[Items from a dataset]

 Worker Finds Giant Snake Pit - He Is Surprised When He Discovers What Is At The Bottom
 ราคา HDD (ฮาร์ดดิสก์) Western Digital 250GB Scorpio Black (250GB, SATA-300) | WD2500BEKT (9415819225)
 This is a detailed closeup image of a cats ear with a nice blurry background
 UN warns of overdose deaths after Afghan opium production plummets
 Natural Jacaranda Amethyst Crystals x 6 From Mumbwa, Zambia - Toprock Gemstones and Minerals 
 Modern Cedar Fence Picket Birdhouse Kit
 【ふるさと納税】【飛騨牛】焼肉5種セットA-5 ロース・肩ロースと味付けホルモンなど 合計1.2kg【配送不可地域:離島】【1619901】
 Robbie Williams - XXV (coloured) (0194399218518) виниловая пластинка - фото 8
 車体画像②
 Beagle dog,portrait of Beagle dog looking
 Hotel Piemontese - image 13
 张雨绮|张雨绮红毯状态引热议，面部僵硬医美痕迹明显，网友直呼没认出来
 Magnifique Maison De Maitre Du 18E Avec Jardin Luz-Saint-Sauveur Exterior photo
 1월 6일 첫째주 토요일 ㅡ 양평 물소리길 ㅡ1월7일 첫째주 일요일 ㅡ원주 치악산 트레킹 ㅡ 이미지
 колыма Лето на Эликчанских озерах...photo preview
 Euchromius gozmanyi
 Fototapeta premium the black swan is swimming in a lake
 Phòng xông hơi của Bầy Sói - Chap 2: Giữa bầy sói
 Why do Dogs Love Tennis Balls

**Task requirements:**
Nothing but the lines from the one holding "Natural Jacaranda Amethyst" through the last line of the data may be output, and each must match exactly.

**Solution:**
 Natural Jacaranda Amethyst Crystals x 6 From Mumbwa, Zambia - Toprock Gemstones and Minerals 
 Modern Cedar Fence Picket Birdhouse Kit
 【ふるさと納税】【飛騨牛】焼肉5種セットA-5 ロース・肩ロースと味付けホルモンなど 合計1.2kg【配送不可地域:離島】【1619901】
 Robbie Williams - XXV (coloured) (0194399218518) виниловая пластинка - фото 8
 車体画像②
 Beagle dog,portrait of Beagle dog looking
 Hotel Piemontese - image 13
 张雨绮|张雨绮红毯状态引热议，面部僵硬医美痕迹明显，网友直呼没认出来
 Magnifique Maison De Maitre Du 18E Avec Jardin Luz-Saint-Sauveur Exterior photo
 1월 6일 첫째주 토요일 ㅡ 양평 물소리길 ㅡ1월7일 첫째주 일요일 ㅡ원주 치악산 트레킹 ㅡ 이미지
 колыма Лето на Эликчанских озерах...photo preview
 Euchromius gozmanyi
 Fototapeta premium the black swan is swimming in a lake
 Phòng xông hơi của Bầy Sói - Chap 2: Giữa bầy sói
 Why do Dogs Love Tennis Balls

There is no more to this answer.